* [Exercise data]
=== Section Start ===

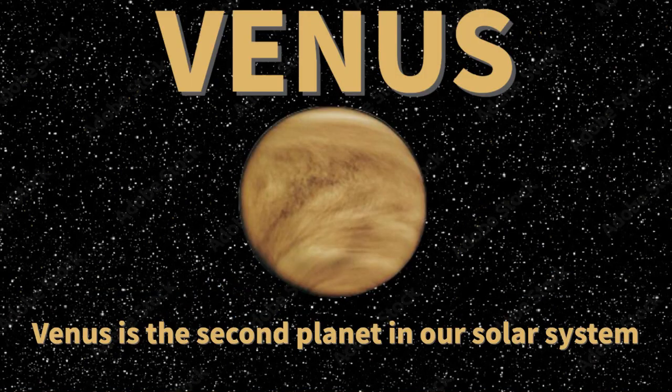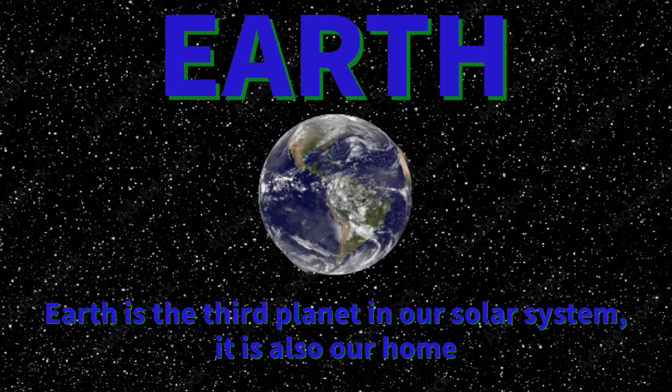Venus is the second planet in our solar system, second closest to the sun, and very hot. Earth is the third planet in our solar system and it's also our home, so we need to make sure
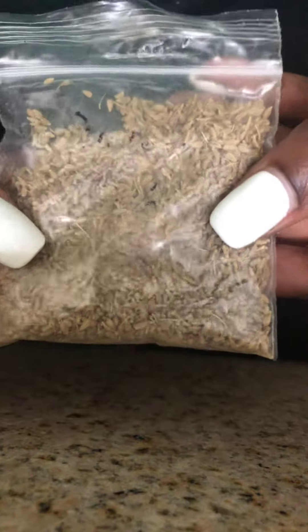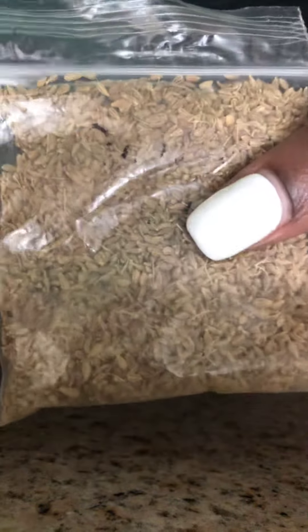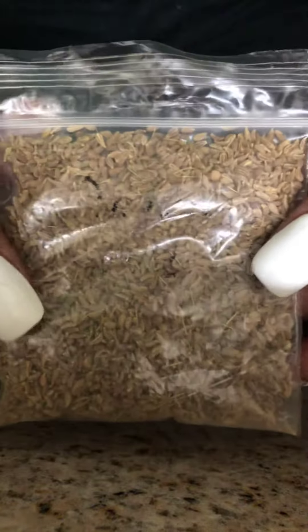This is the anise seed — I got this from my local emporium or botanica. You can order this online as well.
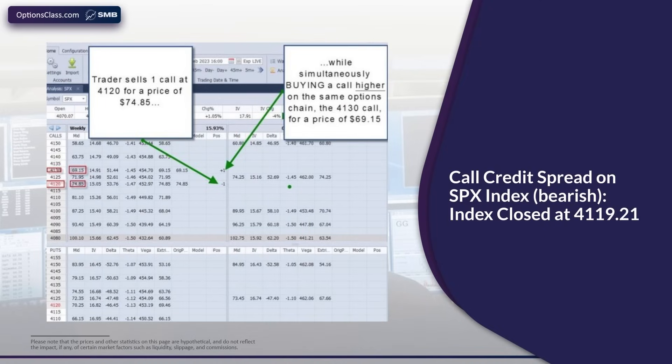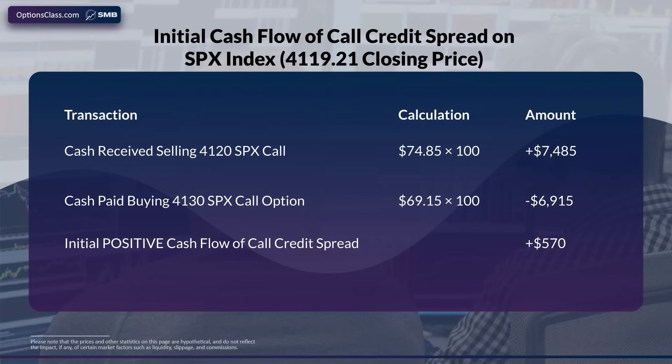Similar to the logic we covered on the put credit spread, calls pay off if the index closes above the call strike price. The calls lower on the options chain — the $41.20 calls — are priced higher than the calls at $41.30, because it takes more of a move for the market to close above $41.30 than $41.20. Market makers charge more for the lower calls and less for the higher ones. Selling the $41.20 calls and buying the $41.30 calls results in a credit — just like the reverse was true with put credit spreads. In this case, the net credit received was $570.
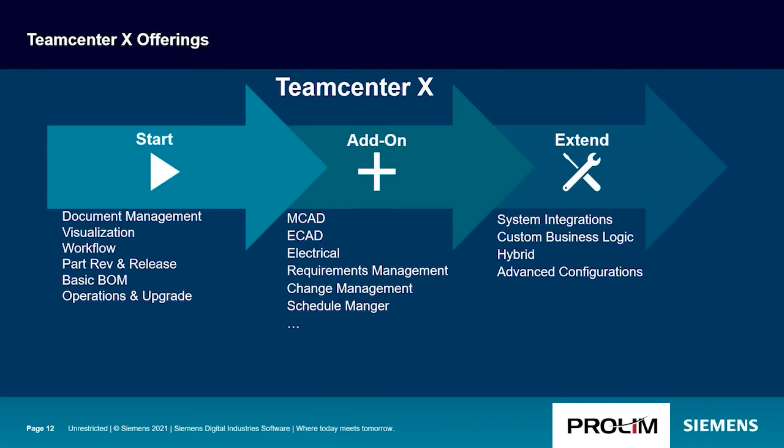The next category is Add-ons, which includes MCAD integrations, ECAD integrations, and electrical integrations to support the digital twin. It also includes requirements management, change management, schedule manager, and other PLM add-ons. The third category is Teamcenter X Extended. This includes the ability to do system integrations such as ERP integrations, add custom business logic for unique business processes, and support hybrid implementations — for example, connecting an on-premises Teamcenter system with Teamcenter X — as well as additional advanced configurations.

=== Section End ===

* [Action item]
Of the lines above, copy only those from the one holding "This is the" to the one holding "Similar to the", both included, and exclude every image.

* [Output of the task]
This is the anise seed — I got this from my local emporium or botanica. You can order this online as well.
Similar to the logic we covered on the put credit spread, calls pay off if the index closes above the call strike price. The calls lower on the options chain — the $41.20 calls — are priced higher than the calls at $41.30, because it takes more of a move for the market to close above $41.30 than $41.20. Market makers charge more for the lower calls and less for the higher ones. Selling the $41.20 calls and buying the $41.30 calls results in a credit — just like the reverse was true with put credit spreads. In this case, the net credit received was $570.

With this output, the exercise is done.